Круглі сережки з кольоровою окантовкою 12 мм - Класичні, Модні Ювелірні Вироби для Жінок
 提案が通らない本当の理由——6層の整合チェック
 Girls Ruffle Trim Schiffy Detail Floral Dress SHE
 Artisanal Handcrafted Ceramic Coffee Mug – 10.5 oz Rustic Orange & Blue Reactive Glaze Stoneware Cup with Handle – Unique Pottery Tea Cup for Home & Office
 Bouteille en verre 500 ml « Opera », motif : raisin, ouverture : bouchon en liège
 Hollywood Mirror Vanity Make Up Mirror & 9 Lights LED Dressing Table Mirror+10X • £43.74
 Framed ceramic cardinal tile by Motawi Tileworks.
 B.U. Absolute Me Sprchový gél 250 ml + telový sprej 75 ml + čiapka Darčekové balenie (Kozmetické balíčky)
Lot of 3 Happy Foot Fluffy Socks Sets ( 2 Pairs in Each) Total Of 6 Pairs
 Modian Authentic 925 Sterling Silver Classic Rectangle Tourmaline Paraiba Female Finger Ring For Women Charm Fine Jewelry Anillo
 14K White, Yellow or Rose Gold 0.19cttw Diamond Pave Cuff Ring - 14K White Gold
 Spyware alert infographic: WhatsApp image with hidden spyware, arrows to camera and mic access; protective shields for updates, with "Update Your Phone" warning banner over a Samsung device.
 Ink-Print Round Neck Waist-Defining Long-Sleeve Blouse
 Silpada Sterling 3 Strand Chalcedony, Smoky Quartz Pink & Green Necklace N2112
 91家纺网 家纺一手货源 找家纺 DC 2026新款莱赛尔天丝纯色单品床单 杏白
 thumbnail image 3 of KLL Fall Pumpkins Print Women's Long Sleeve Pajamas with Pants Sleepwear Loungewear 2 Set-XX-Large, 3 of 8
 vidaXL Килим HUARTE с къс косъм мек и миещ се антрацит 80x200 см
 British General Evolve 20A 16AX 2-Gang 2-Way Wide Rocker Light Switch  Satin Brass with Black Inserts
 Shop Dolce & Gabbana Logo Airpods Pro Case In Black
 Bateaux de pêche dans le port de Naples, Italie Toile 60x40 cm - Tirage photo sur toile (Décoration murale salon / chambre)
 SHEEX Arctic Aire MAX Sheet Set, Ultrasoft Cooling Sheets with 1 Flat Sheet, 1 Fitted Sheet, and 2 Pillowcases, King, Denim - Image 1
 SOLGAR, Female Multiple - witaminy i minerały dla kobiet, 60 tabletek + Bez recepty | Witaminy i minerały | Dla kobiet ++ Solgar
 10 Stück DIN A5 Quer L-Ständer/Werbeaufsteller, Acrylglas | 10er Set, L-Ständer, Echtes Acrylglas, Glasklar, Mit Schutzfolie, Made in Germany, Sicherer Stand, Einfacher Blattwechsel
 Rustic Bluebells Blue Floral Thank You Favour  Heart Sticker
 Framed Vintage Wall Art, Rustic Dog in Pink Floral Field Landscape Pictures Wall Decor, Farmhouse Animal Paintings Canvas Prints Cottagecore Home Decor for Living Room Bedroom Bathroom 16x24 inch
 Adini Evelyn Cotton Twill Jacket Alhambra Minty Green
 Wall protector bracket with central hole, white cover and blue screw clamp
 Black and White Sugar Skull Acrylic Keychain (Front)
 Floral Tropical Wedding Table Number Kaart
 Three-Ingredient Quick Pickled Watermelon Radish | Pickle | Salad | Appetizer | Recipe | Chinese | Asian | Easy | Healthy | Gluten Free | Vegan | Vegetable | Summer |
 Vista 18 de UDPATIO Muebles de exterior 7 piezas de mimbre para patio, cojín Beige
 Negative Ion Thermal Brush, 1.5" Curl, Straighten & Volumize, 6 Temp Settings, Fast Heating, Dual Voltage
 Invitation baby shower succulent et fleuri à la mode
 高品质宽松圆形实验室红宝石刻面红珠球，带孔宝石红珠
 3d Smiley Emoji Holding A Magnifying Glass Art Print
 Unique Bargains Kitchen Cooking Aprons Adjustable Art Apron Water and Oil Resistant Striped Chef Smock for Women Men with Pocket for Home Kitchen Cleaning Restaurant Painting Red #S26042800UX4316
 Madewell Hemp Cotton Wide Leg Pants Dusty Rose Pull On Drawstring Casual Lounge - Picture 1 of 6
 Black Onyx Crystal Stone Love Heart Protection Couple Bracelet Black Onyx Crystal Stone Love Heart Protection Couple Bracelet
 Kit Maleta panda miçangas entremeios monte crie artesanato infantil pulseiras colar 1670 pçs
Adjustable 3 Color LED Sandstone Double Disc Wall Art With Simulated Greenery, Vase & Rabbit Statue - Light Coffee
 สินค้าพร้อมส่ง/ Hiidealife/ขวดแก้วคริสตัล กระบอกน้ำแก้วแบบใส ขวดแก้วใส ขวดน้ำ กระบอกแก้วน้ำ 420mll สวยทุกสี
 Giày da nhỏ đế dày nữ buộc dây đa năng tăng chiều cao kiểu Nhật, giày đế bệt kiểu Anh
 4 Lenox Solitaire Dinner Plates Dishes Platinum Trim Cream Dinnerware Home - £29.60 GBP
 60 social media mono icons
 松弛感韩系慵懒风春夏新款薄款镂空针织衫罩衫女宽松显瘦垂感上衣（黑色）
--------
#### [Work request]
Repeat the entries above verbatim, but only from the line that has "Ink-Print Round Neck" down to the line that has "Vista 18 de", inclusive.

#### [Task response]
 Ink-Print Round Neck Waist-Defining Long-Sleeve Blouse
 Silpada Sterling 3 Strand Chalcedony, Smoky Quartz Pink & Green Necklace N2112
 91家纺网 家纺一手货源 找家纺 DC 2026新款莱赛尔天丝纯色单品床单 杏白
 thumbnail image 3 of KLL Fall Pumpkins Print Women's Long Sleeve Pajamas with Pants Sleepwear Loungewear 2 Set-XX-Large, 3 of 8
 vidaXL Килим HUARTE с къс косъм мек и миещ се антрацит 80x200 см
 British General Evolve 20A 16AX 2-Gang 2-Way Wide Rocker Light Switch  Satin Brass with Black Inserts
 Shop Dolce & Gabbana Logo Airpods Pro Case In Black
 Bateaux de pêche dans le port de Naples, Italie Toile 60x40 cm - Tirage photo sur toile (Décoration murale salon / chambre)
 SHEEX Arctic Aire MAX Sheet Set, Ultrasoft Cooling Sheets with 1 Flat Sheet, 1 Fitted Sheet, and 2 Pillowcases, King, Denim - Image 1
 SOLGAR, Female Multiple - witaminy i minerały dla kobiet, 60 tabletek + Bez recepty | Witaminy i minerały | Dla kobiet ++ Solgar
 10 Stück DIN A5 Quer L-Ständer/Werbeaufsteller, Acrylglas | 10er Set, L-Ständer, Echtes Acrylglas, Glasklar, Mit Schutzfolie, Made in Germany, Sicherer Stand, Einfacher Blattwechsel
 Rustic Bluebells Blue Floral Thank You Favour  Heart Sticker
 Framed Vintage Wall Art, Rustic Dog in Pink Floral Field Landscape Pictures Wall Decor, Farmhouse Animal Paintings Canvas Prints Cottagecore Home Decor for Living Room Bedroom Bathroom 16x24 inch
 Adini Evelyn Cotton Twill Jacket Alhambra Minty Green
 Wall protector bracket with central hole, white cover and blue screw clamp
 Black and White Sugar Skull Acrylic Keychain (Front)
 Floral Tropical Wedding Table Number Kaart
 Three-Ingredient Quick Pickled Watermelon Radish | Pickle | Salad | Appetizer | Recipe | Chinese | Asian | Easy | Healthy | Gluten Free | Vegan | Vegetable | Summer |
 Vista 18 de UDPATIO Muebles de exterior 7 piezas de mimbre para patio, cojín Beige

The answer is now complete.